Iced Earth – The Dark Saga – Review

Iced Earth

The Dark Saga (Century Media)
by Scott Hefflon

Tampa Florida’s power metalheads Iced Earth return with a strong melodic metal release, The Dark Saga, and a concept album at that. Based entirely on the comic book Spawn, with cover artwork by series creator Todd McFarlane, and “Depths of Hell” lyrics penned by Al Simmons, the real-life person upon whom the lead character is based, The Dark Saga is a rather thorough concept album. However, Iced Earth is not, as the label claims, the first band to realize such a gimmick. Metal and comic books are a rather obvious pairing: both are larger than life entertainment, use tougher-than-thou clichÚs, and are usually accompanied by garish, often gaudy, color illustrations. Multitudes of bands, especially metal, have used famous artists for their covers and have culled their writing inspiration from comics and movies, in metal’s case, horror movies. So the statement “It’s the first time that any top-selling comic series has lent their artwork for use in retail stores” is flat out wrong. Ever heard of Entombed’s Wolverine Blues? I somehow think X-Men are considered a top-selling comic no matter what rating system you use. To milk the comparison, the unholy agreement behind Wolverine Blues involved such small-timers as Marvel Comics, Columbia Records (a division of Sony Music), Earache Records, artists Nicke A. and Alx H., producer Tomas Skogsberg, and, of course, Entombed. That CD was also carried in comic shops as well as record stores, and the stench of the hype generated by the Sony superpower lingered for months. (The next time you have your pick of special abilities/strengths, having mega-conglomerate resources at your disposal beats out lightening bolts from your eyes by a long shot.) Wolverine Blues has a nine-page comic and lyrics lettered by one of the artists. The Dark Saga is said to have a CD booklet that folds out into a poster, and the vinyl is said to have double-gatefold illustration(s). I wouldn’t know. I have only this promo wallet piece of shit with no lyrics, a skimpy bio, no production credits, and a couple pages of rather unhelpful information – the typical gushing label praise, and false claims about the exclusivity of a mundane gimmick. My apologies for the petty bickering over details, but giving proper credit where it’s due, and re-phrasing claims that conveniently neglect another’s efforts, are rather important elements in forming an educated opinion with any sense of perspective.

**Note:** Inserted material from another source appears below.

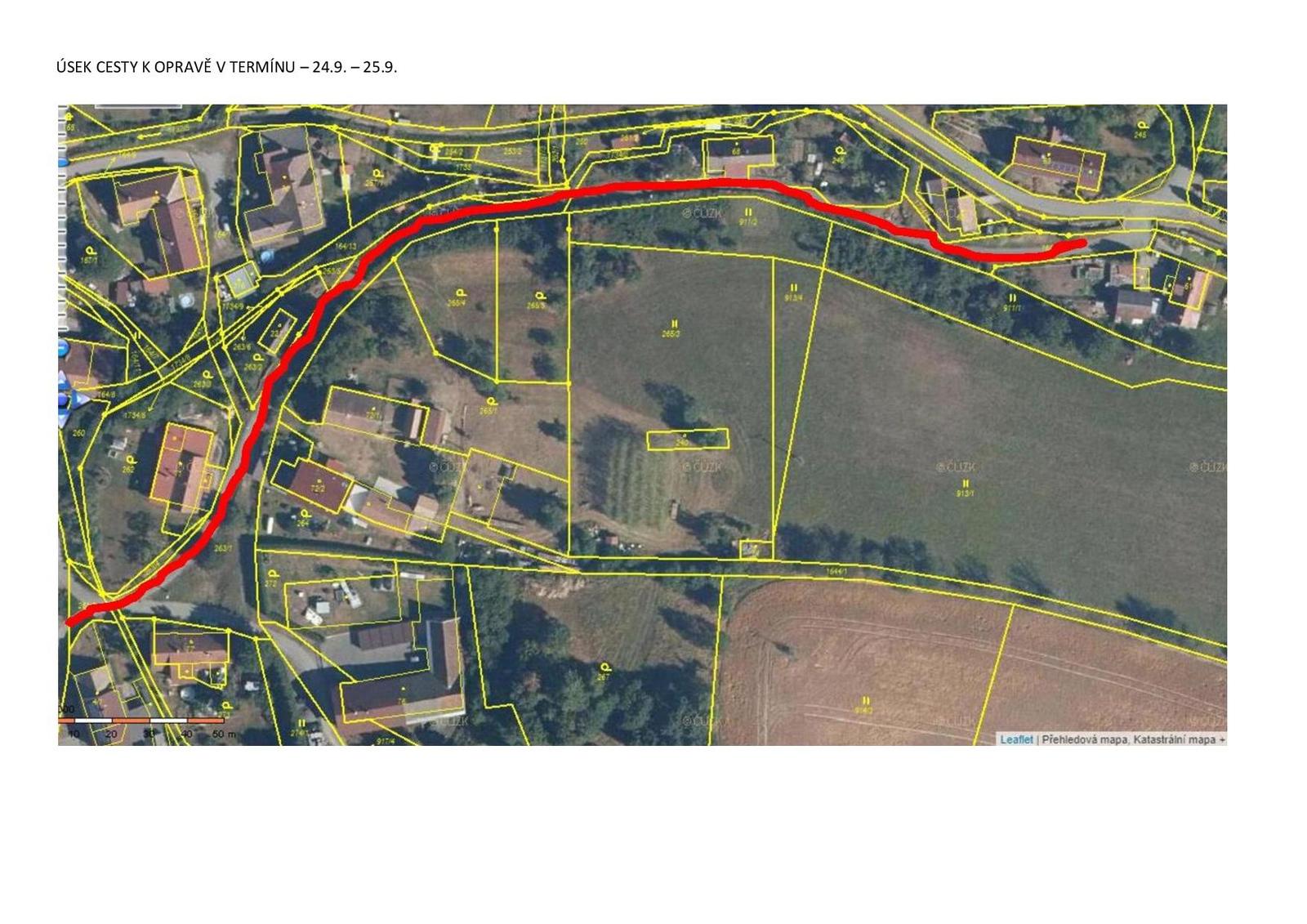 ÚSEK CESTY K OPRAVĚ - TERMÍN 24_9 až 25_9.jpg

With all that said, Iced Earth’s actual music is, as always, tight, complex, and well-crafted. While I wouldn’t go so far as to call it “melodic speedmetal,” especially in the case of The Dark Saga, I would use the phrase melodic powermetal without hesitation. The twin guitar attack contains elements of the down-and-dirty powerchug, the dramatic long embraces of powerchords, the harmonious lead interplay in both solos and melodic riffs during the chorus, as well as the dreamily fluid acoustic tinkerings shown most beautifully in the closing track “A Question of Heaven.” (Petty, coincidental note: Wolverine Blues ends with a song called “Heavens Die.”) Vocally, Matthew Barlow struts his stuff in a wide variety of wolf’s clothing. While most of the material takes a tough, or tough-turned-momentarily-sensitive, approach, there are manly sensuous whispers, ominous breathy transitions, and a penchant for inflecting words similar to Geoff Tate without being such a damn fashion victim. Other songs contain almost Paul Stalney-esque yelps, and the closing track has some of the better falsetto screams I’ve heard without laughing my ass off. Monkish choruses, choirs of angels, and gutsy snarls probably allow such dated, pansified shenanigans to exist in small quantities and within certain contexts so as not to cause uncontrollable giggling. Being able to pull off such a stunt is extremely admirable to my eyes. While powermetal is not the most stylish music at the moment, Iced Earth not only remain true to their roots, they continue to push aspects of the genre, tip their hat to their predecessors, and create strong, powerful music.